Jean Van Hamme : Général Lover
Une personnalité dévoile ses oeuvres d’art préférées. Celles qui, à ses yeux, n’ont pas de prix. Elles révèlent aussi des pans inédits de son parcours, de son caractère et de son intimité. Cette semaine : l’auteur et scénariste Jean Van Hamme.
C’est par un très beau samedi après-midi que vous sonnez chez le scénariste le plus célèbre de Belgique : Jean Van Hamme. Papa de Largo Winch, Thorgal, XIII et Epoxy, entre autres, et accessoirement de Thomas Van Hamme (présentateur vedette et transfuge RTBF/RTL-TVI), l’auteur aux 43 millions d’albums de BD ne vous espérait pas si tôt (entendez : à l’heure) et vous le fait remarquer. Niché au dernier étage d’un immeuble seventies, il vous attend pourtant dans l’encadrement d’une double porte d’entrée d’inspiration asiatique dont les poignées dorées en rehaussent la couleur brique laquée. Si les lieux sont aussi chics que dans un Largo Winch, l’ambiance est un peu à l’image de son propriétaire : contrastée. Allure de général, ton de caporal, il reçoit en bermuda, bras de chemise et Dockside. Pince-sans-rire du début à la fin de l’entretien, il rend impossible de déterminer si vous le dérangez ou si vous l’amusez avec vos drôles de questions. Il joue cependant le jeu, parce que « c’est l’exercice qui veut ça »… mais franchement « je ne m’intéresse pas du tout à ma personne », répétera-t-il sur un ton presque de reproche.
Avec ses airs de militaire à la retraite, il vous invite à vous installer dans son bureau où les Post-it multicolores au nom de ses célèbres bandes dessinées tapissent les placards renfermant les précieuses séries. Au milieu de son bureau de style classique, vous apercevez – malgré vous – un relevé de droits d’auteur qui vous colle le vertige tandis qu’une bibliothèque débordant de polars, livres d’espionnage et autres littératures viriles vous fait face. Un univers de mec, qui n’est pas sans rappeler ses créations. « J’ai quand même fait Lady S », se défend-il. « Mais, c’est vrai que c’est mon univers. J’ai sans doute un petit côté macho même si avec ma femme, ça me semble bien difficile de l’être », confie-t-il, sourire en coin.
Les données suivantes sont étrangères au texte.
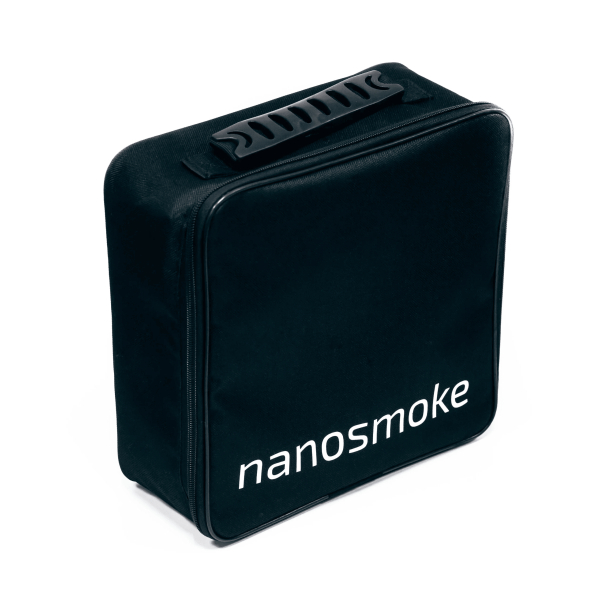 Кальян Nanosmoke Cube В Сумке в Санкт-Петербурге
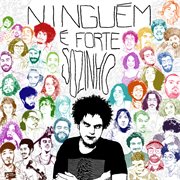 NINGUÉM É FORTE SOZINHO : Coletânea Yuri Costa cover image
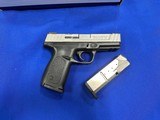 SMITH & WESSON SD40 VE CA COMPLIANT .40 S&W - 3 of 3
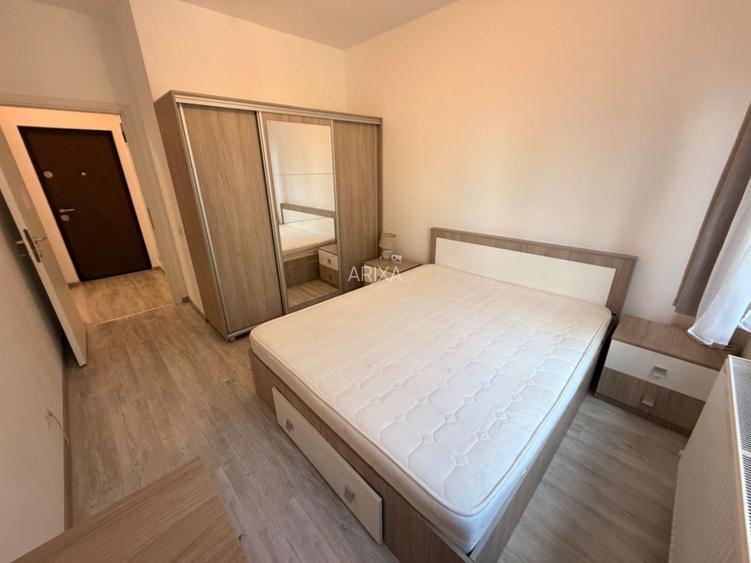 2 Camere 55m 5Min Metrou Grozavesti Politehnica Regie Orhideea Basarab - 25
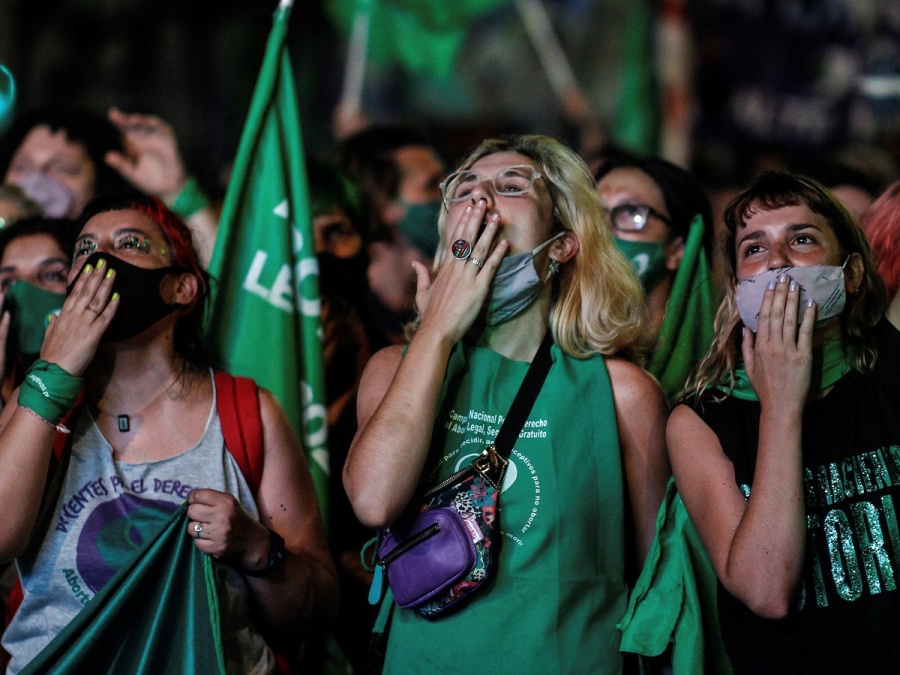 Un juez de Mar del Plata ordenó suspender la Ley del Aborto y el Gobierno apelará el fallo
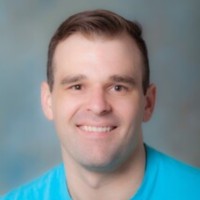 Cornell University Employee Aaron Beckner's profile photo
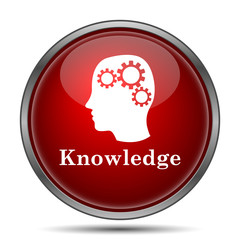 Knowledge icon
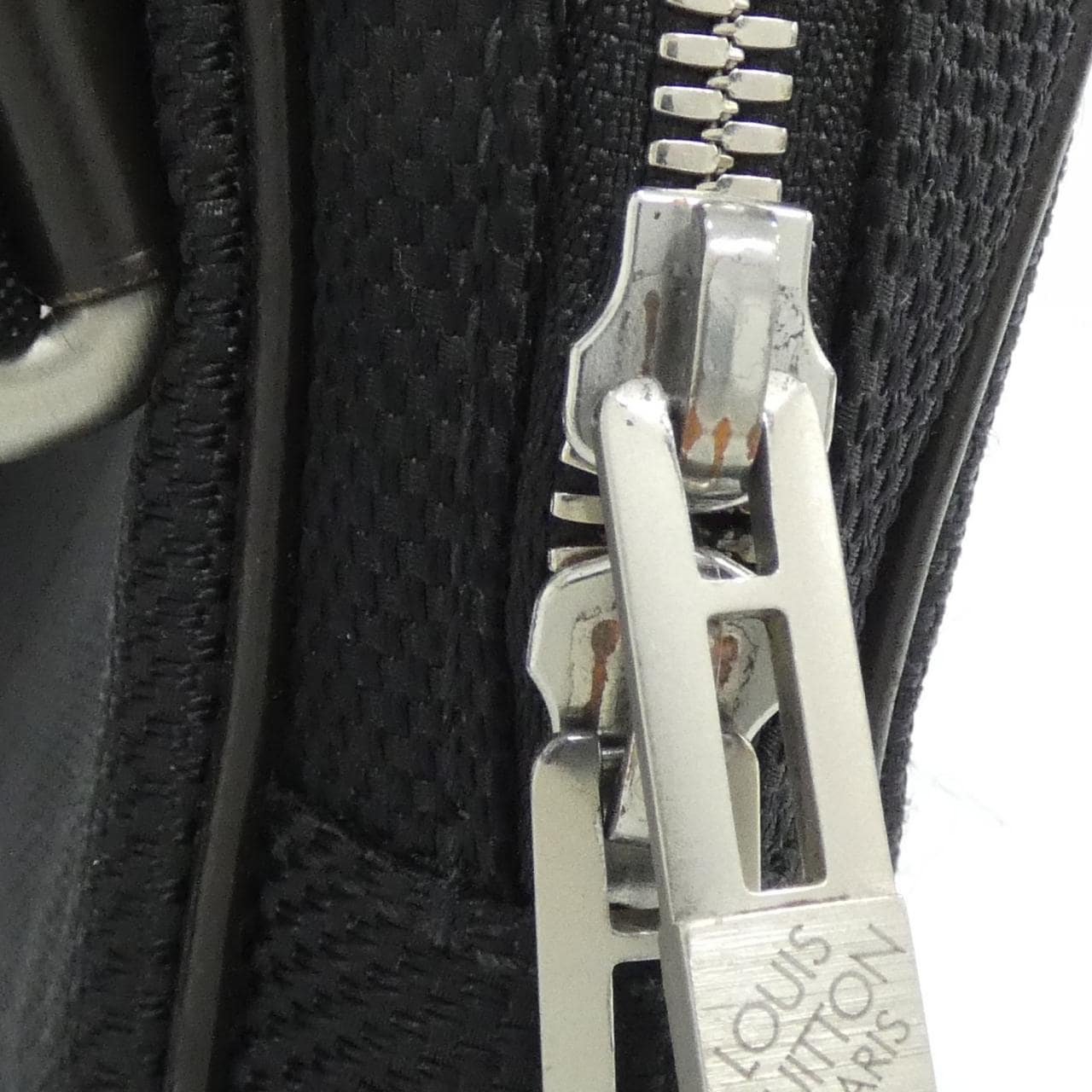 LOUIS VUITTON M93620 Bag Damier 黑色 Damier - 縮圖 4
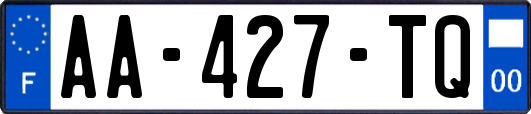 AA-427-TQ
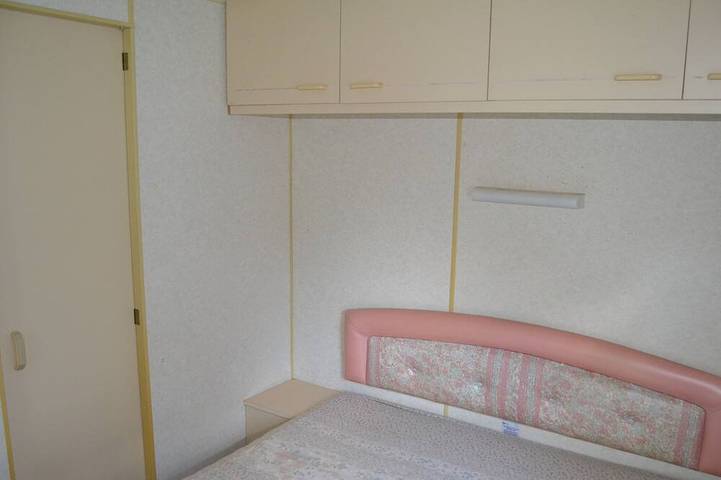 Mobil home pour 5 personnes à Saint-Romain - 3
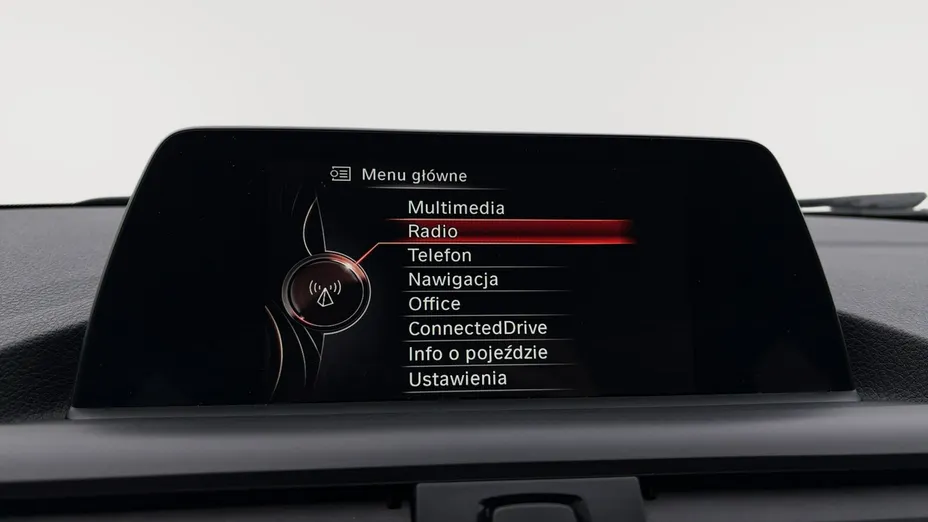 BMW Seria 1 -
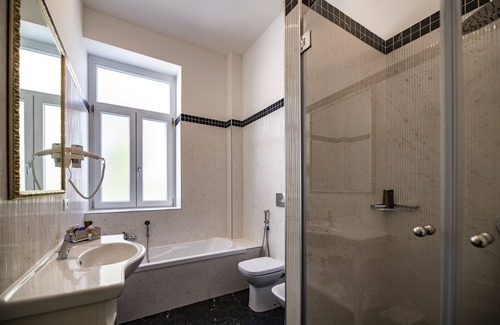 Rione Sanita Hotel | Villa Elisio Hotel & Spa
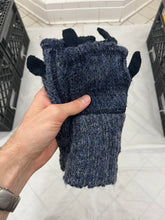 Load image into Gallery viewer, 1980s Marithe Francois Girbaud x Maillaparty Layered Wool Gloves - Size OS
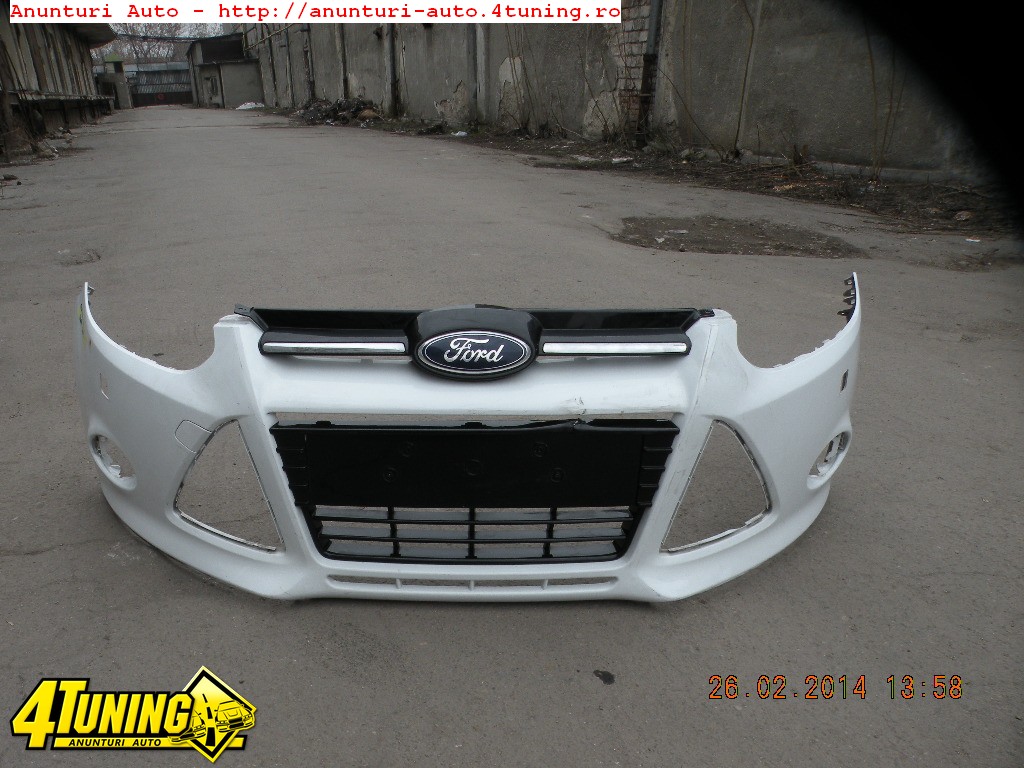 Bara fata Ford Focus 3 2010-2015 cod BM51 17757A #200778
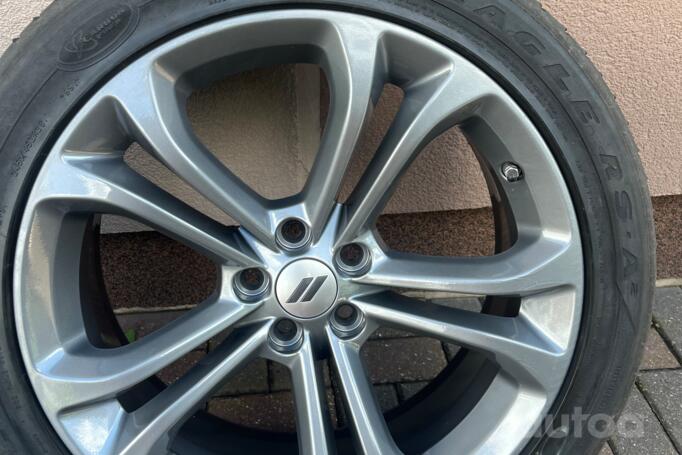 OEM, terasest stantsitud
Il dépose votre café, précise que la petite cuillère a été chipée sur un vol de la Sabena – comme toute sa collection, glanée sur les long-courriers – et vous prie un peu fermement de ne pas repartir avec.
Femmes et kaki
Pour commencer : La Naissance de Vénus, de Sandro Botticelli. « J’ai choisi cette oeuvre car elle m’a accompagné durant toute mon enfance. J’avais 2 ans quand ma mère est morte et c’est un ami de mon père qui, sur le mur de ma chambre, réalisa en sépia cette grande Vénus sortant de sa coquille Saint-Jacques. Grâce à Vénus en tout cas, je savais à peu près à quoi ressemblait une femme même si je ne savais pas qu’elles ne sortaient pas toutes d’un coquillage », plaisante-t-il. « Au fond, elle était la seule présence féminine de cette maison car même si mon père avait des maîtresses, aucune ne vivait avec nous. Quand je la regarde maintenant, même si elle est très belle, je la trouve absente. Elle est tout le contraire de ce que j’aime chez une femme. Hors des canons classiques ou physiques (blondes, brunes, rousses, petits seins, gros seins), j’aime les femmes qui ont de l’humour, de l’esprit et de la répartie, celles qui ne se laissent pas faire. Les dévouées à leurs maris, entre le ménage et la cuisine, quel ennui ! »
Marié depuis quarante ans et fidèle à son épouse, qu’il trouve toujours belle et brillante, l’homme insiste sur son peu de mérite : « Je n’ai jamais eu envie d’aller voir ailleurs, je suis trop bien chez moi. » Sa mère lui a-t-elle manqué ? La réponse fuse comme une balle : « Pas du tout ! Ce qui vous manque, c’est quelque chose que vous avez connu. Moi, j’avais à peine connu ma mère. Sans doute aussi parce que mon père a compensé son absence ; il était très maternel et présent. En un mot, il était parfait. Je n’ai d’ailleurs quitté la maison qu’après mon service militaire, qui reste pour moi un excellent souvenir. Oh oui, j’ai adoré ! Mais attention, je n’étais pas derrière un bureau comme un planqué, nous on jouait à faire la guéguerre, c’était physique, j’étais officier éclaireur. » Cinquante ans plus tard, Jean Van Hamme en rougit presque de fierté.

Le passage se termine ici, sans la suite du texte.